====== DATA UNDER STUDY
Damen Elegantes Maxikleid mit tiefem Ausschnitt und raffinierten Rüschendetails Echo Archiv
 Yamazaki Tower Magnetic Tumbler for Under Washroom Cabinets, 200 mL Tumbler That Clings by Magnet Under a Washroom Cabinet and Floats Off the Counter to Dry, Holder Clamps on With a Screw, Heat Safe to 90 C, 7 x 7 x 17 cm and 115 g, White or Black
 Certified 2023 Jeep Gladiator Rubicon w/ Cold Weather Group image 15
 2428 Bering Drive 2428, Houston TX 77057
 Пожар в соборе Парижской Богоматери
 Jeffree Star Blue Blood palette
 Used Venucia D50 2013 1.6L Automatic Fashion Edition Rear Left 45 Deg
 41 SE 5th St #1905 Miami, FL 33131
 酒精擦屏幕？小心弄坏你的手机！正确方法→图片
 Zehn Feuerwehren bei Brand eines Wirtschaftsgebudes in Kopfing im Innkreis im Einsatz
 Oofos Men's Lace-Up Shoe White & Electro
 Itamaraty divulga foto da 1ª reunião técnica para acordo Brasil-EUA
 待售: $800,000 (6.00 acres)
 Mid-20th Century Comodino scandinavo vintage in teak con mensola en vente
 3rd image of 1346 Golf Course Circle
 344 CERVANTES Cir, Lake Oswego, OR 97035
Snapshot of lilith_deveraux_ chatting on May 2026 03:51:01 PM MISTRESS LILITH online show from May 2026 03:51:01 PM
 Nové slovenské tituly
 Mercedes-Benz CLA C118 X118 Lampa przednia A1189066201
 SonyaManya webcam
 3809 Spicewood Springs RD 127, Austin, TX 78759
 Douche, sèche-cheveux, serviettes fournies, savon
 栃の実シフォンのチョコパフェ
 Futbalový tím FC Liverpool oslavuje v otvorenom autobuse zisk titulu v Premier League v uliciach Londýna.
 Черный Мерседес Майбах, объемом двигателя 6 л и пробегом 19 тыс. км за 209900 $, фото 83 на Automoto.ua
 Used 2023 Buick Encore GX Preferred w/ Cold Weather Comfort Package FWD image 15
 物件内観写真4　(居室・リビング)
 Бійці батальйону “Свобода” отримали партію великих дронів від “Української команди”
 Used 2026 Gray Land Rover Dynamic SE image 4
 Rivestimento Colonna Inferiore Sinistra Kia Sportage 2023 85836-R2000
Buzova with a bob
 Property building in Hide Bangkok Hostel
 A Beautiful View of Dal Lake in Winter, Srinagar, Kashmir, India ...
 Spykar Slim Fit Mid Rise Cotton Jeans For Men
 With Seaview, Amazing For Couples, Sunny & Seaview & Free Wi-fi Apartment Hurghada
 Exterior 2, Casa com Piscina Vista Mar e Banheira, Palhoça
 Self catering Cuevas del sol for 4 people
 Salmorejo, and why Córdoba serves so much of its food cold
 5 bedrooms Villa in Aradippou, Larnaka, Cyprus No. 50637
============
## [TASK PROMPT]
Set down exactly the lines from the start of the records to the line with "3rd image of 1346 Golf Course Circle". Include that line, and add nothing more.

## [EXERCISE RESPONSE]
Damen Elegantes Maxikleid mit tiefem Ausschnitt und raffinierten Rüschendetails Echo Archiv
 Yamazaki Tower Magnetic Tumbler for Under Washroom Cabinets, 200 mL Tumbler That Clings by Magnet Under a Washroom Cabinet and Floats Off the Counter to Dry, Holder Clamps on With a Screw, Heat Safe to 90 C, 7 x 7 x 17 cm and 115 g, White or Black
 Certified 2023 Jeep Gladiator Rubicon w/ Cold Weather Group image 15
 2428 Bering Drive 2428, Houston TX 77057
 Пожар в соборе Парижской Богоматери
 Jeffree Star Blue Blood palette
 Used Venucia D50 2013 1.6L Automatic Fashion Edition Rear Left 45 Deg
 41 SE 5th St #1905 Miami, FL 33131
 酒精擦屏幕？小心弄坏你的手机！正确方法→图片
 Zehn Feuerwehren bei Brand eines Wirtschaftsgebudes in Kopfing im Innkreis im Einsatz
 Oofos Men's Lace-Up Shoe White & Electro
 Itamaraty divulga foto da 1ª reunião técnica para acordo Brasil-EUA
 待售: $800,000 (6.00 acres)
 Mid-20th Century Comodino scandinavo vintage in teak con mensola en vente
 3rd image of 1346 Golf Course Circle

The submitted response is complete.